Desde a Grécia Antiga até o final do século XIX, por exemplo, acreditava-se que a histeria, um tipo de neurose, era uma “doença” exclusiva das mulheres. A própria origem da palavra demonstra uma falta de conhecimento, por séculos, do corpo da mulher: histeria vem do grego, “hystéra”, que significa útero.

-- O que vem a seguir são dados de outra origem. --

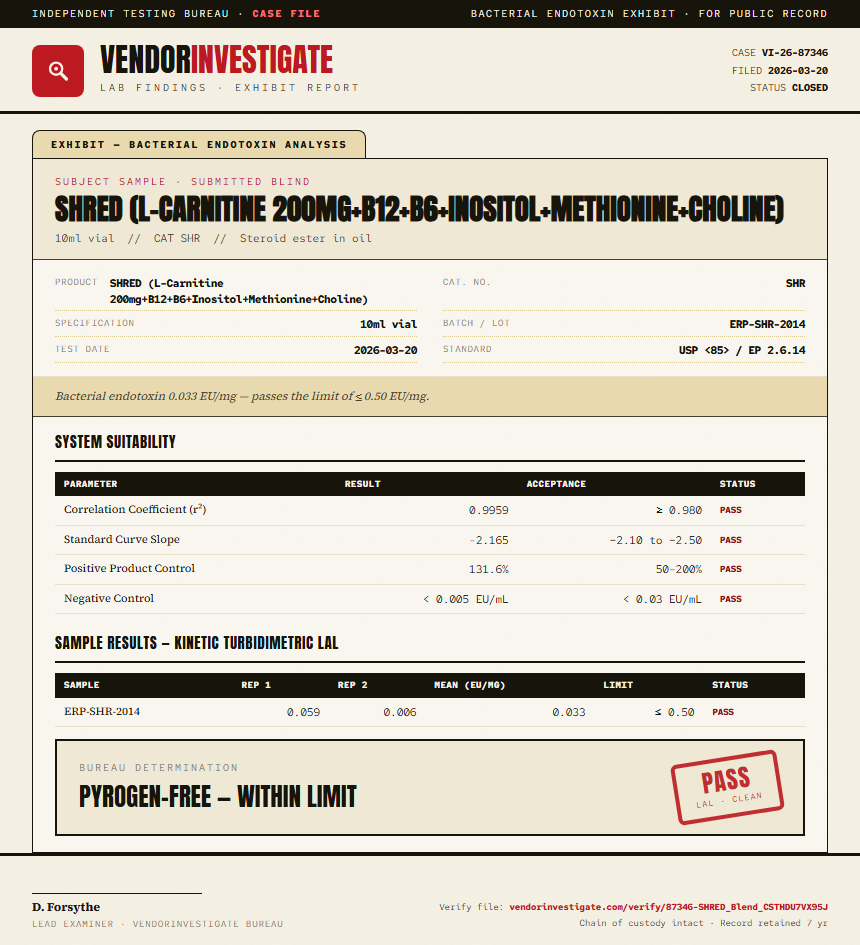 SHRED (L-Carnitine 200mg+B12+B6+Inositol+Methionine+Choline) Endotoxin report by VendorInvestigator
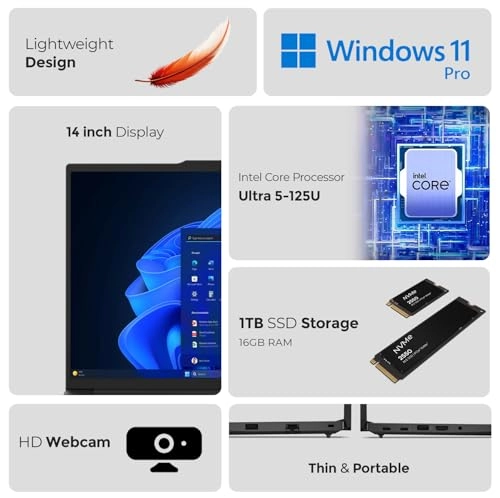 E14 Gen 6 - 14'' Intel Ultra 5-125U 16GB DDR5 1TB SSD + 8 in 1 HUB + Wireless Mouse + Laptop Bag + Antivirus + Mouse Pad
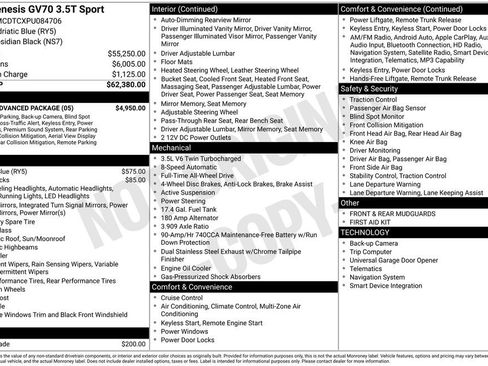 Used 2023 Genesis GV70 3.5T Sport w/ Sport Advanced Package image 2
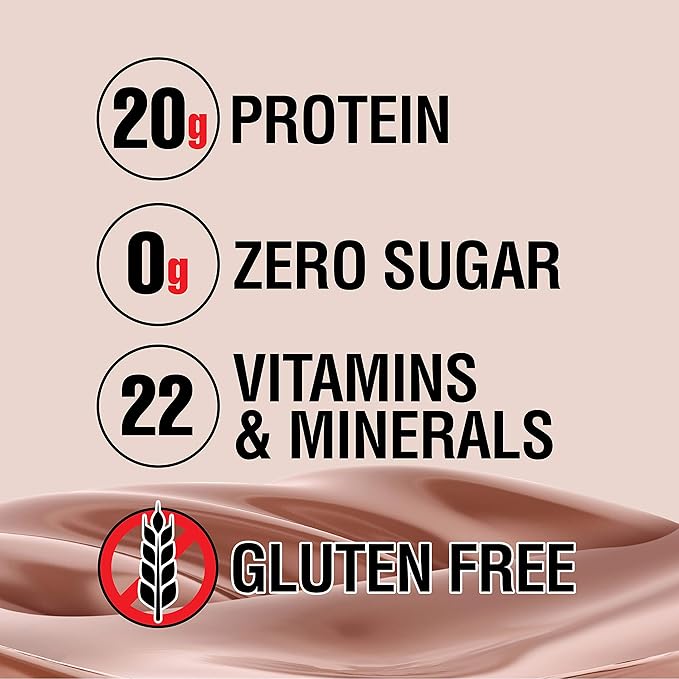 LABRADA NUTRITION - Lean Body RTD Whey Protein Shake, Convenient On-The-Go Meal Replacement Shake for Men & Women, 20 grams of Protein – Zero Sugar, Lactose & Gluten Free, Chocolate (Pack of 16)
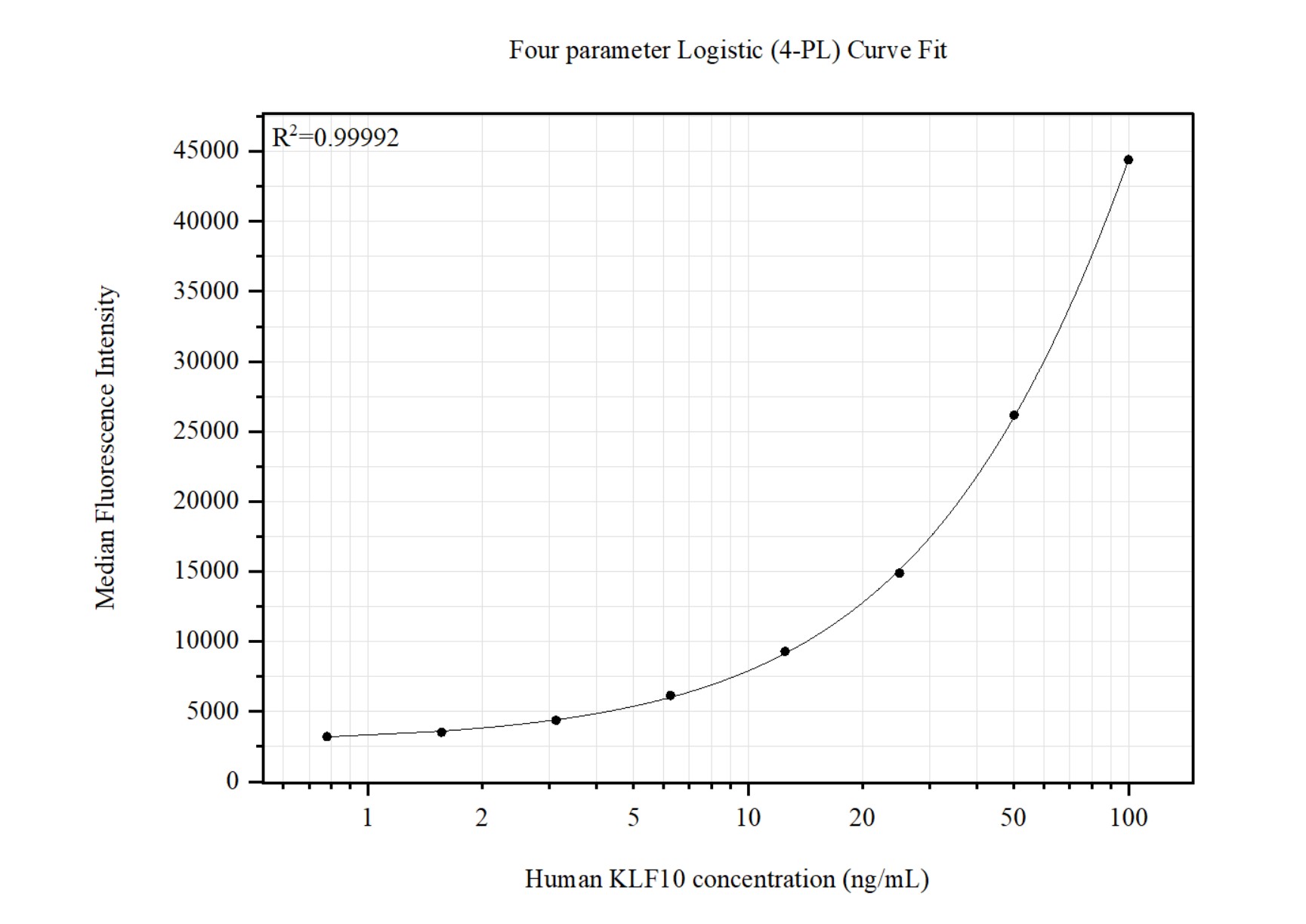 Cytometric bead array standard curve of MP51417-1, KLF10 Monoclonal Matched Antibody Pair, PBS Only. Capture antibody: 60983-1-PBS. Detection antibody: 60983-2-PBS. Standard:Ag31754. Range: 0.781-100 ng/mL.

O psicólogo francês Pierre Janet (1859-1947) e, posteriormente, Sigmund Freud (1856-1939), foram os primeiros profissionais a associar a histeria a causas psicológicas e não físicas, provando que a neurose pode acometer qualquer pessoa independente do sexo. Mas até o século XX, a histeria das mulheres era tratada com cirurgias – em algumas havia a retirada do útero –, remédios e, nos casos mais leves, com uma massagem clitoriana feita pelos médicos, que levavam as “enfermas” a um estado chamado de “paroxismo histérico”. O orgasmo feminino ainda era desconhecido e a tal massagem nas histéricas nada mais era do que a masturbação feminina, ato que pode e deve ser feito pelas próprias mulheres.

Do tratamento equivocado da histeria até hoje, muitos outros mitos sobre a sexualidade e o corpo da mulher continuam sendo disseminados. E neste contexto de tabus e desinformação, o prazer feminino se torna um assunto problemático que, com frequência, vai parar apenas no consultório médico – e raramente em outros espaços. Ao mesmo tempo em que isso pode ser problemático, historicamente, essa relação entre saúde e sexualidade foi muito importante para lidar com alguns dos mitos existentes.

Disseminar mitos sobre a sexualidade feminina e fazer com que mulheres não tenham conhecimento do próprio corpo teve uma função social histórica: o controle social.O surgimento tardio da ginecologia como uma especialidade da medicina mostra que até o século XXI a sexualidade feminina havia sido pouco explorada. No início, a ginecologia se resumia a pensar e estudar a mulher como um corpo determinado à reprodução somente No século XX – é que o campo da sexologia avançou.

Com o avanço da sexologia e com o surgimento do movimento feminista no século XX, a mulher passou a ser vista como agente e sujeito de prazer sexual. Métodos contraceptivos foram desenvolvidos e a saúde sexual da mulher passou a ser considerada em diversas esferas médicas e sociais.

“O orgasmo aparece como indicador de bem-estar, tanto para homens como para mulheres, no século XX. A partir daí, também surgem novas categorias de patologias relativas ao sexo, novas pedagogias do corpo, novas subjetividades advindas desta realização do sujeito via sua vivência sexual e, certamente, novas estratégias de normalização da sexualidade e do prazer”, explica a antropóloga e doutoranda em antropologia, com ênfase em corpo e saúde pela UFRGS, Lara Costa Duarte.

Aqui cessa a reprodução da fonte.